▶ INPUT DATA

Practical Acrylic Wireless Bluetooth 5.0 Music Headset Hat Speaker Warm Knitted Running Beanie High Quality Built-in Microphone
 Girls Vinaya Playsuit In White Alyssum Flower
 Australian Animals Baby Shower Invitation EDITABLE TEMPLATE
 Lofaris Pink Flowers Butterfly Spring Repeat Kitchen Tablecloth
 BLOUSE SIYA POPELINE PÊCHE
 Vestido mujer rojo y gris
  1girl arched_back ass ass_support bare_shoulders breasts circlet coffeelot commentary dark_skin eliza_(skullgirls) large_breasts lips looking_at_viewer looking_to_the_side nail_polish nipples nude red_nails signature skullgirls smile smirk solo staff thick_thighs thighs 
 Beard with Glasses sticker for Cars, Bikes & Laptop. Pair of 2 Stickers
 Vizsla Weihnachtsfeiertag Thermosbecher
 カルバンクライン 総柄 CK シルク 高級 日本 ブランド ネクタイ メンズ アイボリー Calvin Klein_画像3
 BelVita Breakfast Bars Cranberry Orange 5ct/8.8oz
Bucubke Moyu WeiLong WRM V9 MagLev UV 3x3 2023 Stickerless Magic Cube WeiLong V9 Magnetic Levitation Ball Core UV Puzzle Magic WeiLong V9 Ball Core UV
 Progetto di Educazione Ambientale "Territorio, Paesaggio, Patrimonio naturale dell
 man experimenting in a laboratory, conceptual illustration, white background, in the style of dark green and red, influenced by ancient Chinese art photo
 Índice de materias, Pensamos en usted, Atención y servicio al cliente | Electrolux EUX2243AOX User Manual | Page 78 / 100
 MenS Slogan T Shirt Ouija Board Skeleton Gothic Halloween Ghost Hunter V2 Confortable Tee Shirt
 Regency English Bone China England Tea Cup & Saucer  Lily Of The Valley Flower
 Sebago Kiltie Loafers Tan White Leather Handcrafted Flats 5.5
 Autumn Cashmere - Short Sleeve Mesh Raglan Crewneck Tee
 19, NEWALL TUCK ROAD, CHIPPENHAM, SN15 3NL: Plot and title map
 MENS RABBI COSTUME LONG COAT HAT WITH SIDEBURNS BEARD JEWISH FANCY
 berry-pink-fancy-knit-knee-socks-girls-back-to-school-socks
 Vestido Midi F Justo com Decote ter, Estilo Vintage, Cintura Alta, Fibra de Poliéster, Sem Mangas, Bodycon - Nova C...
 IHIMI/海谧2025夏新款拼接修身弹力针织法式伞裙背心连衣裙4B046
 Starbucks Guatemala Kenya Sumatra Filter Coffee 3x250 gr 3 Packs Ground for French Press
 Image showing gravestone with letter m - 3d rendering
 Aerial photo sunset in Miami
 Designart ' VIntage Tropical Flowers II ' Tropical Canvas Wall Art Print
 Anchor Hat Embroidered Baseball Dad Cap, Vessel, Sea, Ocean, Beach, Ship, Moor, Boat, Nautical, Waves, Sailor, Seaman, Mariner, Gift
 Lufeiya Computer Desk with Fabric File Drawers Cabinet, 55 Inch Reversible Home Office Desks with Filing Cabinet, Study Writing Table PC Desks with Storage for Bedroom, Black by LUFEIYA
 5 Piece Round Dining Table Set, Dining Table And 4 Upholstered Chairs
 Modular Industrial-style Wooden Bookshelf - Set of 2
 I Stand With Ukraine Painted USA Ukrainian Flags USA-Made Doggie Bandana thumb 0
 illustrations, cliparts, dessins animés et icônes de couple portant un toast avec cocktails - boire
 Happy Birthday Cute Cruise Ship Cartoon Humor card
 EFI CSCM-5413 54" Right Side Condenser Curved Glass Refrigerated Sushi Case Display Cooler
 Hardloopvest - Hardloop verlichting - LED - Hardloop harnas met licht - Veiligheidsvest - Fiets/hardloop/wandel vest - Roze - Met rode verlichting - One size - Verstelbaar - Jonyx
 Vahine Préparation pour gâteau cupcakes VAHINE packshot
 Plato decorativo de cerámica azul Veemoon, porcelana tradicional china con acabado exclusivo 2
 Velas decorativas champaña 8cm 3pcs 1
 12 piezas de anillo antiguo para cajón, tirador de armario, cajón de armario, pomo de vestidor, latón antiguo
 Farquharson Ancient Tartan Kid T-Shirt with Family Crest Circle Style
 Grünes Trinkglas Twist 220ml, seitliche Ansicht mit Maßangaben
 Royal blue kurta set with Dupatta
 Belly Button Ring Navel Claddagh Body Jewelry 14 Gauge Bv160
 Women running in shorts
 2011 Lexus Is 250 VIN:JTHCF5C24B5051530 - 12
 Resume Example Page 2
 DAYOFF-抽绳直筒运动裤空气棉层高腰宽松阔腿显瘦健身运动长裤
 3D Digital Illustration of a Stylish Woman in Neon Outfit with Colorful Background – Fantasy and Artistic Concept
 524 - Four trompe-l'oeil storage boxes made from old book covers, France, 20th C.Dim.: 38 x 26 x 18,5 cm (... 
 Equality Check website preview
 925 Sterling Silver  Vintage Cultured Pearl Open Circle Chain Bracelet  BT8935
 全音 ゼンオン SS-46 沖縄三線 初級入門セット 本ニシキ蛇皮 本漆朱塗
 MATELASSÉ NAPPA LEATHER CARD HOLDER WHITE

▶ WHAT IS BEING ASKED
Each line above that holds the string "Ship" should be copied and shown.

▶ TASK OUTPUT
 Anchor Hat Embroidered Baseball Dad Cap, Vessel, Sea, Ocean, Beach, Ship, Moor, Boat, Nautical, Waves, Sailor, Seaman, Mariner, Gift
 Happy Birthday Cute Cruise Ship Cartoon Humor card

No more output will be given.